▶ **HOW TO COMPLETE THIS TASK**:
Read through the lines below for the string "Christmas" and copy each one that has it.

Short descriptive text snippets:
-.-.-
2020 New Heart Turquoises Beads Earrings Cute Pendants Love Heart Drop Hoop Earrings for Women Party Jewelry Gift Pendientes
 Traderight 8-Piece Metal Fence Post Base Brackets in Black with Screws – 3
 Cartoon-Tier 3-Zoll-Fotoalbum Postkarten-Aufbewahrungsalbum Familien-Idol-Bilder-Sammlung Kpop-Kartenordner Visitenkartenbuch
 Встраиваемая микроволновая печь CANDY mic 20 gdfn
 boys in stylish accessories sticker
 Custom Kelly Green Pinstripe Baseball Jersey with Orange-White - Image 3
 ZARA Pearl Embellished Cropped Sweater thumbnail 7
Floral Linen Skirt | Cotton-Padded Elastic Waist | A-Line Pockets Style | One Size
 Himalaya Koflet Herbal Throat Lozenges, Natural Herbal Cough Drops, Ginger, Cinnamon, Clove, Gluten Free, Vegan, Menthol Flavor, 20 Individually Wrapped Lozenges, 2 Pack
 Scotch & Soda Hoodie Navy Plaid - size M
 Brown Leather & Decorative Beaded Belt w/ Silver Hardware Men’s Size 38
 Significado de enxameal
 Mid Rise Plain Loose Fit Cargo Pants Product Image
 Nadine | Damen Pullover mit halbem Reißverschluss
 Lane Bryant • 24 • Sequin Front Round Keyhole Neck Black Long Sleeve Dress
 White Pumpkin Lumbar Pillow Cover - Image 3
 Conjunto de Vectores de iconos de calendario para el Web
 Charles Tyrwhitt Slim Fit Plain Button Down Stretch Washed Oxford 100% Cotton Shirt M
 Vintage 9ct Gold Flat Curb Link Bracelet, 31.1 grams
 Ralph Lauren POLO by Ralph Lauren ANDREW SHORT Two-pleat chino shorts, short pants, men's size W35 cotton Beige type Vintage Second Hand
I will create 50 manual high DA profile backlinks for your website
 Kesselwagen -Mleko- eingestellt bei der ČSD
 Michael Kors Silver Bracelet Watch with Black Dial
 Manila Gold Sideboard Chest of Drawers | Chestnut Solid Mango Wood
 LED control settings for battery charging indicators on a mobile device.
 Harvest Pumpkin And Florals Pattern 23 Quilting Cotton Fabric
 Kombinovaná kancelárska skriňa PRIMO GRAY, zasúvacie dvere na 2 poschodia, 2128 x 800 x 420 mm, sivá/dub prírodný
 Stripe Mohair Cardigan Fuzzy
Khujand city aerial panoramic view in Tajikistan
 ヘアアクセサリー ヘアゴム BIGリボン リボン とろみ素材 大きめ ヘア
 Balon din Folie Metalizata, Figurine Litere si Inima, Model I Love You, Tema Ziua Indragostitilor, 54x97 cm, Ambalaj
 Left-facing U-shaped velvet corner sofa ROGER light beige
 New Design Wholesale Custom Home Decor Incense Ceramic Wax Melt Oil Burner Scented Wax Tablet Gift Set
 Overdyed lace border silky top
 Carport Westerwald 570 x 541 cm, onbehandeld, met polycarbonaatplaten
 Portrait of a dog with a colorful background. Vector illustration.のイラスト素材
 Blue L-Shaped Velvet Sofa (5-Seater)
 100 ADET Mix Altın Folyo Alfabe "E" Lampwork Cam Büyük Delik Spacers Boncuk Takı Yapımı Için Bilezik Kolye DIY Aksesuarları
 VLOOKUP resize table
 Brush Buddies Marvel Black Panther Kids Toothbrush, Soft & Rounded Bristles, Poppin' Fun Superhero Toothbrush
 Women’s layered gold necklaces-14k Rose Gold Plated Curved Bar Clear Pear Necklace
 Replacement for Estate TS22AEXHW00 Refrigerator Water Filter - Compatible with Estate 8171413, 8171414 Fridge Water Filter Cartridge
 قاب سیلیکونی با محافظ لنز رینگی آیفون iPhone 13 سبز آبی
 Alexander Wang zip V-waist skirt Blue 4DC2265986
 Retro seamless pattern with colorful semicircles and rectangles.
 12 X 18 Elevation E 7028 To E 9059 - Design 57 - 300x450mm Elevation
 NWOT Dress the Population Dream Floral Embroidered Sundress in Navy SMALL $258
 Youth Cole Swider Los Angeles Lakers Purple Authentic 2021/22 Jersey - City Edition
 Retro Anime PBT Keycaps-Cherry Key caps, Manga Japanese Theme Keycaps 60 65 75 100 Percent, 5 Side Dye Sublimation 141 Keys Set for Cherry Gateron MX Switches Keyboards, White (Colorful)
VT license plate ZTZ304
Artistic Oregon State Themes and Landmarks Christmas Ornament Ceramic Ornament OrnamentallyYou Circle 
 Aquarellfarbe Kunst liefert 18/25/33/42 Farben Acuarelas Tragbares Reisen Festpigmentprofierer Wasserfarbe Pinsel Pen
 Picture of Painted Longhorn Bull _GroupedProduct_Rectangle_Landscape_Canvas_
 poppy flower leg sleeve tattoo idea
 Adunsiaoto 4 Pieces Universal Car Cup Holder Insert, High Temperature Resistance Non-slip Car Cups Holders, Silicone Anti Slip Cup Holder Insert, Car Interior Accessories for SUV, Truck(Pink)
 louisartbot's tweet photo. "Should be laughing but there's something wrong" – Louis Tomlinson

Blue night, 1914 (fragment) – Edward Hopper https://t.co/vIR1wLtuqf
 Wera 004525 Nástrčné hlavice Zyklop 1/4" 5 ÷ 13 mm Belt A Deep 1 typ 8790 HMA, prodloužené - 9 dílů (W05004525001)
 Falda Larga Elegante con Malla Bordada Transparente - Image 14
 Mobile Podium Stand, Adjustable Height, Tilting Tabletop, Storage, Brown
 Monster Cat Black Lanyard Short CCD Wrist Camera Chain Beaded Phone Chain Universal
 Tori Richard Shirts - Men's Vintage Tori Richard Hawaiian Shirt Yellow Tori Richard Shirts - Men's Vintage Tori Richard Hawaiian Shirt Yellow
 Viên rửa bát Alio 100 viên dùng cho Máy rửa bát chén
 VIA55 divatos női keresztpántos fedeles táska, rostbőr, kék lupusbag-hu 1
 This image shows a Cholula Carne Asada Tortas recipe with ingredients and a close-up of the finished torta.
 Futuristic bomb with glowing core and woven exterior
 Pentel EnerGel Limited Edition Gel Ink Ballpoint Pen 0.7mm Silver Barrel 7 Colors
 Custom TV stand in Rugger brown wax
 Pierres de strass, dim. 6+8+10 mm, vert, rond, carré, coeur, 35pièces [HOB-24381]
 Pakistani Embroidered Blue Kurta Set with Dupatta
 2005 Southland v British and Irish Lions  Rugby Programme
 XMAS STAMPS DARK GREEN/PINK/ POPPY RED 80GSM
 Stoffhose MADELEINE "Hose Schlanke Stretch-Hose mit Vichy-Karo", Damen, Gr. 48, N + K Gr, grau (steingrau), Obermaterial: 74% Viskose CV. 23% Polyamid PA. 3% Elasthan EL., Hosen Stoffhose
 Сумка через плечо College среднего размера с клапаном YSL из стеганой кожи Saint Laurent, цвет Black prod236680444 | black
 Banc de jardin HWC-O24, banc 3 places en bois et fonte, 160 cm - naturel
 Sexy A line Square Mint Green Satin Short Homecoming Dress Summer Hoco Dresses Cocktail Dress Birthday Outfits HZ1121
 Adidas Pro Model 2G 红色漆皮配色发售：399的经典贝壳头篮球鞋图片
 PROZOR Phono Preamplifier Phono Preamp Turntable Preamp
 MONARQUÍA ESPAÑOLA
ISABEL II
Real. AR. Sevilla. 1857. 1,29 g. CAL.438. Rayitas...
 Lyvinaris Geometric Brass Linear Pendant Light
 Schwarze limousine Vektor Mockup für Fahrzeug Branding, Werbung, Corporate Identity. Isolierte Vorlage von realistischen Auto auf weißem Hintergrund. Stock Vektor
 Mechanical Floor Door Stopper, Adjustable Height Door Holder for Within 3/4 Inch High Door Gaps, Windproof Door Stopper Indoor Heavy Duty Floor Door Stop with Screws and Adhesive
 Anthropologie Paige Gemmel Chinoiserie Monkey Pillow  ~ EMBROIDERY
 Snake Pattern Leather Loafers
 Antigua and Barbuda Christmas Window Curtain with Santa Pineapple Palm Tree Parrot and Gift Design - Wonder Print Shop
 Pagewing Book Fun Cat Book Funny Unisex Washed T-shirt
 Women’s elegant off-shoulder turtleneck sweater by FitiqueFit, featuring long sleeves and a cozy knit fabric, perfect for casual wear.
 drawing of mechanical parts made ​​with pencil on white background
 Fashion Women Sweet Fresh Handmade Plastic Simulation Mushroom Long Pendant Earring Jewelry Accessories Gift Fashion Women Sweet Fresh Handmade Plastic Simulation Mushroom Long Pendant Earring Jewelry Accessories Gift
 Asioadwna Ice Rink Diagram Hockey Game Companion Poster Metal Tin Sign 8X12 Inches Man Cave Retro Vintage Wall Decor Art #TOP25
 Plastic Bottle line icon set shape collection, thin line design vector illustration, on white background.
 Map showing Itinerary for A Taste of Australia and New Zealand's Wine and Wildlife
-.-.-
▶ **REPLY**:
Artistic Oregon State Themes and Landmarks Christmas Ornament Ceramic Ornament OrnamentallyYou Circle 
 Antigua and Barbuda Christmas Window Curtain with Santa Pineapple Palm Tree Parrot and Gift Design - Wonder Print Shop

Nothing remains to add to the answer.